The renewable energy industry knows all too well that one of the greatest hurdles to its growth is the nation’s outdated transmission system. While the government hasn’t jumped on the issue as quickly as the industry would like, major companies such as Google are taking steps to expand lines and transport electricity.
The mid-Atlantic regions holds 20% of the U.S. population, but the region has limited access to land-based renewable-energy resources. Reuters recently reported that Google and its partners (Good Energies, a private firm, and Japan’s Marubeni Corp.) have cleared the first major hurdle with U.S. regulators to build a $5 billion transmission line that would transport electricity from wind farms off the Atlantic coast. According to the article, the companies backing the project can earn a 12.59% return on their equity investment in the proposed power line, as the Federal Energy Regulatory Commission ruled.

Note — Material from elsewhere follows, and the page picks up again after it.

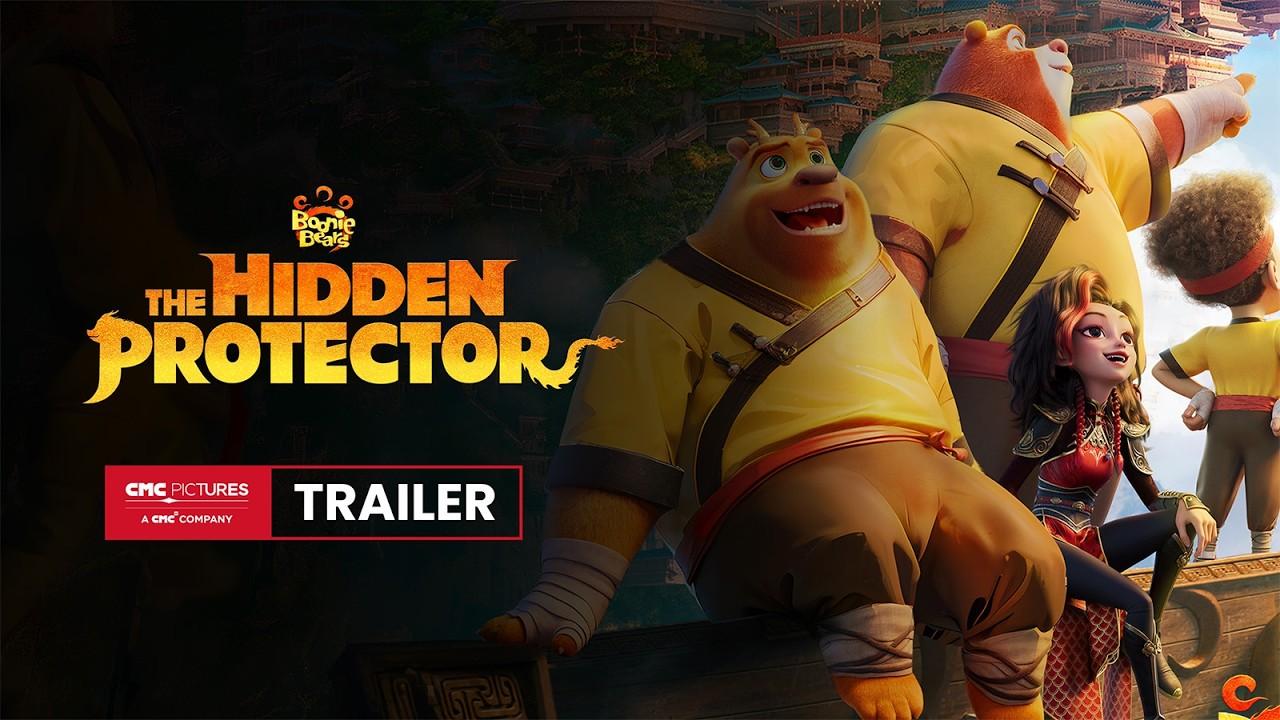 Boonie Bears: The Hidden Protector Trailer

The project consists of two parallel transmission lines stretching from northern New Jersey to southern Virginia, and could transport up to 6,000 MW of electricity that would provide power to 1.9 million households. Electricity carried by the 250-mi lines would connect with the main electric grid at onshore sites in New Jersey, Delaware, Maryland, and Virginia.

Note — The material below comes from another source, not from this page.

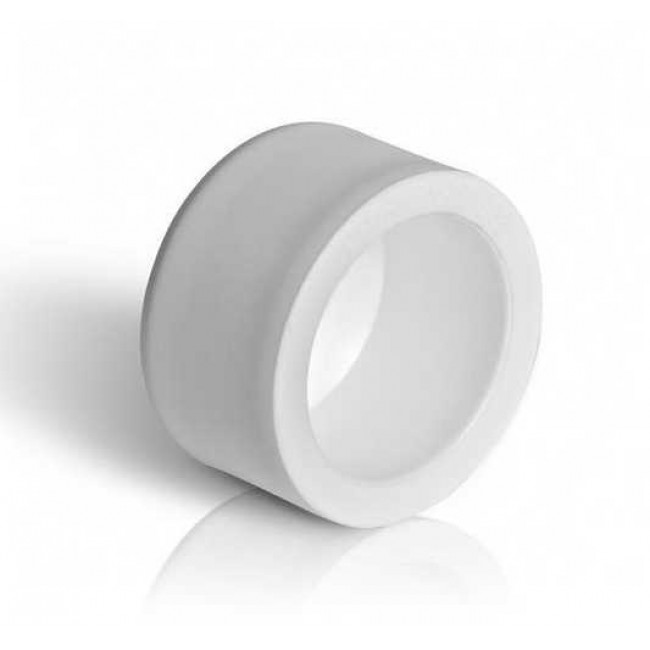 картинка Заглушка Ø40 PRO AQUA Белый (25/150) от магазина Евродом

The project still needs the Interior Department’s approval, as well as permission from several state agencies and the regional power grid operator, PJM. The companies hope to have the first phase of the transmission line operating in 2016.
Reuter’s reports that project sponsors commented in a filing with FERC, “Without a strong transmission backbone, offshore wind developers would need to build one or more individual radial transmission lines from each offshore wind project to the shore.
There are no major offshore wind farms operating in the United States at the moment, though more than a dozen have been proposed. One of the earliest projects expected to come online is Cape Wind off Massachusetts that will consist of 130 wind towers providing electricity to about 400,000 homes by 2013.